Уходил на «гражданку» с чувством, что ухожу ненадолго. Тревожно было на наших дальневосточных рубежах. Японские самолеты систематически нарушали границы нашего воздушного пространства, наземные подразделения то и дело вторгались на советскую землю. Еще более нагло вели себя японские самураи в отношении нашего доброго друга и верного соратника – Монгольской Народной Республики.
Сгущались тучи и на Западе. Фашизм все решительнее и безапелляционнее заявлял о своих претензиях то к одной стране, то к другой. Не скрывалась и главная цель – покорить весь мир, подчинить его интересам германского империализма.
Наш народ видел, что правительство прилагает все усилия к тому, чтобы продлить мирную жизнь, укрепить экономику государства, перевооружить армию и флот. Но многие понимали, что одного лишь нашего желания мало. Война неотвратимо надвигалась.
В начале лета 1941 года я приехал в деревню к родителям, и первое, что услышал от матери.
– Быть, сынок, большой беде, – сказала она.
Я подумал, что, может быть, в дороге пропустил какие-то важные новости, и потому спросил ее:
– А что произошло, мама? Какие-нибудь сообщения поступили?
– Приметы, сынок. Все совпадает с четырнадцатым годом. Закаты кровавые, солнце в кровь садится. Сам посмотришь! Черемуха второй раз зацвела. А тут вчера выхожу утром на крыльцо и вижу прямо какое-то светопреставление: кукушки, штук тридцать, уселись на изгородь огорода и кукуют, кукуют истошно. Пошла я к Бакулихе (это девяностолетняя старуха, человек большой мудрости и практического ума), та послушала меня и говорит: «Не у одной тебя, Дуня, побывали они, негодные. Вон у Новоселовых и у Ивана Ермохина на крышах домов куковали. Быть, Дунюшка, беде, быть! Чует земля-природа недоброе!»
Мать говорила озабоченно и вполне трезво, убежденно, без какого-либо оттенка суеверного исступления.
Не помню, как я отозвался на рассказ матери. Вполне допускаю, что этак скептически улыбнулся наивной вере в приметы и предсказания земли-природы.

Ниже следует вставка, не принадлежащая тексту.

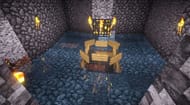 A player using a naturally found mob spawner to create a mob farm (Image via craftymynes)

Но не прожил я в деревне и десяти дней, как грянула война, Великая Отечественная война с фашизмом.
Первыми в ряды Красной Армии влились мы – четверо братьев. А вслед за нами поднялись, как юный подлесок в тайге, еще одиннадцать парней и девок из нашей родовы.
Поднялись одни – по призыву, другие – не дожидаясь призыва, по зову сердца. И каждый прошел свой путь. Кому было суждено выжить – выжили, кому пасть в битве – пали.
Живые сами о себе рассказывают, а о погибших поют свои нескончаемые песни деревья, посаженные в память о них в палисаднике, под окнами школы родного села.
2
Странно, но это может быть: ночные бдения над газетной полосой, ночевки в тесных землянках солдат, тряские бессчетные поездки на попутных грузовиках и подводах по степным гарнизонам, жуткие леденящие дыхание морозы и зной, от которого жухло виснет лист на тополях, пестрые от песка и снега улицы Читы, комната со сводами, похожая на монастырскую келью, крутые чаи в голубом чайнике – все, все уйдет в прошлое и станет историей.
Возможно, тогда, при воспоминании обо всем этом, что-то откроется трогательное и дорогое.
Война вошла в быт. Думаю, как будет после нее? Что будет поражающим в жизни? Силюсь представить, но трудно. Война заполнила все поры бытия.
Посещают какие-то «толчки», когда вдруг начинаешь думать художественно.
«Байкальская повесть». Девушка Настя. Она неуравновешенна. Появляется столь же неожиданно, как и исчезает.
Возможно начать так: на рассвете у устья одной из трехсот тридцати трех рек, впадающих в Байкал, произошел страшный обвал. Нависшая вершина скалы надломилась внезапно и упала с таким грохотом и свистом, что отзвуки этого падения докатились до другого берега моря.
Старик носит две медали за Русско-японскую войну и Георгия за войну 1914 года.
До июня 1941 года не носил – стеснялся.
Месяц над Читой полный, светлый и упитанный.
К «Байкальской повести». Синь в распадках. Манящая даль.
Егор Егорович – молодой парень, охотник, – души не чает в Насте.
Люблю утро. Оно несет известия со всех фронтов. Жду, жду новых грозных событий. Под Сталинградом развернулась гигантская битва. Масштабы ее потрясают воображение. Нет слов, чтоб выразить и радость и гордость нашими людьми. Слышал, как на улице кто-то сказал: «Душа поет от таких известий».
Тянет на художественное, на большое. Мечтаю о «Строговых», о повести о любви, о пьесе.